We can use this finger for future searches if the key that we are searching for occurs after the key that produced the finger. For example,
($value, $finger) = $list->find('Turing');
If we are searching for a key that occurs after 'Turing' in the above example, then we can use this finger:
$value = $list->find('VonNeuman', $finger);
If we use this finger to search for a key that occurs before 'Turing' however, it may fail:
$value = $list->find('Goedel', $finger); # this may not work
Therefore, use search fingers with caution.
Search fingers are specific to particular instances of a skip list. The following should not work:
($value1, $finger) = $list1->find('bar');
$value2 = $list2->find('foo', $finger);
One useful feature of fingers is with enumerating all keys using the "first_key" and "next_key" methods:
($key, $finger) = $list->first_key;
while (defined $key) {
...
($key, $finger) = $list->next_key($key, $finger);
}
See also the "keys" method for generating a list of keys.
Similarities to Tree Classes
This module intentionally has a subset of the interface in the Tree::Base and other tree-type data structure modules, since skip lists can be used in place of trees.
Because pointers only point forward, there is no prev
method to point to the previous key.
Some of these methods (least, greatest) are autoloading because they are not commonly used.
One thing that differentiates this module from other modules is the flexibility in defining a custom node class.

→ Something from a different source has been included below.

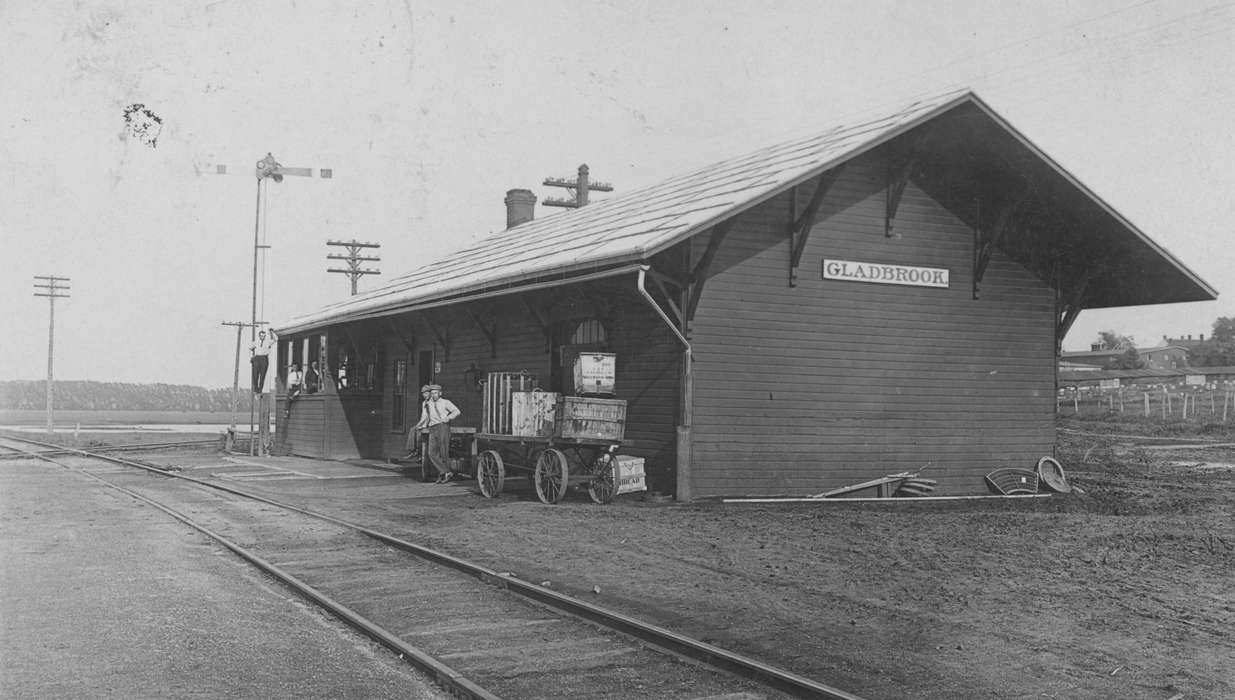 telephone pole, train tracks, history of Iowa, Iowa History, Gladbrook, IA, wagon, Iowa, Train Stations, Reinhard, Lisa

See the included Benchmark.txt file for performance comparisons.
TODO
The following features may be added in future versions:
- Accessing list nodes by index number as well as key
-
The ability to tie a list to an array as well as a hash, probably as a subclass since to implement it efficiently would require some extra bookkeeping.
- Splitting lists
-
The ability to split a list into multiple segments.

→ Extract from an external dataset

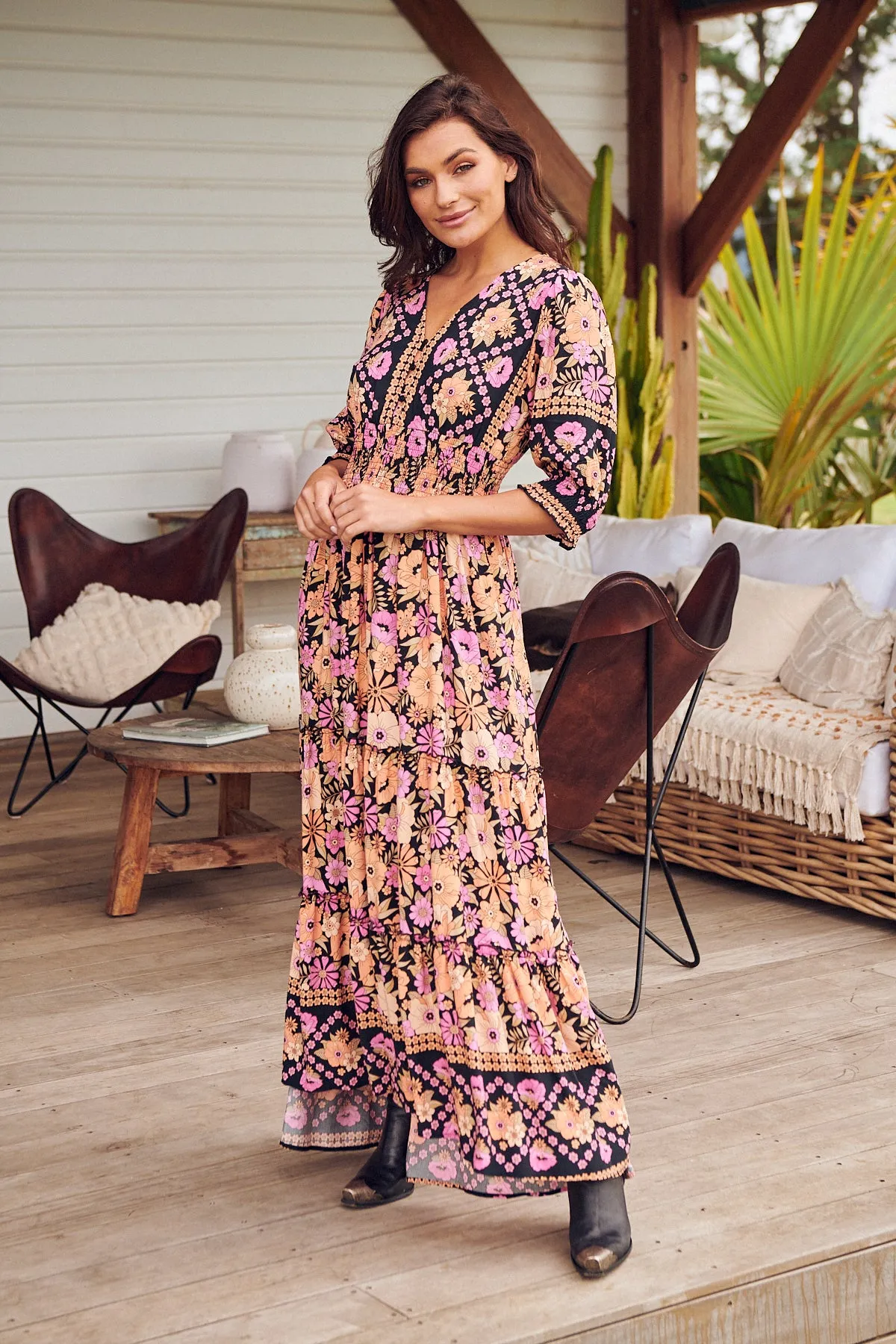 Apricot Blossom Print Chelsea Maxi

- Deterministic Skip Lists
-
An additional module (probably a subclass of List::SkipList) to implement deterministic skip lists (DSLs), probably as a 1-2-3 skip list.
CAVEATS
Skip lists are non-deterministic. Because of this, bugs in programs that use this module may be subtle and difficult to reproduce without many repeated attempts. This is especially true if there are bugs in a custom node.
AUTHOR
Robert Rothenberg <rrwo at cpan.org>
Acknowledgements
Carl Shapiro <cshapiro at panix.com> for introduction to skip lists.

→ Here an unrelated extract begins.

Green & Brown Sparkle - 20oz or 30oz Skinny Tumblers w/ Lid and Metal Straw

Suggestions and Bug Reporting
Feedback is always welcome. Please use the CPAN Request Tracker at http://rt.cpan.org to submit bug reports.
LICENSE
Copyright (c) 2003-2004 Robert Rothenberg. All rights reserved. This program is free software; you can redistribute it and/or modify it under the same terms as Perl itself.
SEE ALSO
See the article by William Pugh, "A Skip List Cookbook" (1989), or similar ones by the author at http://www.cs.umd.edu/~pugh/ which discuss skip lists.
Another article worth reading is by Bruce Schneier, "Skip Lists: They're easy to implement and they work", Doctor Dobbs Journal, January 1994.
If you need a keyed list that preserves the order of insertion rather than sorting keys, see List::Indexed.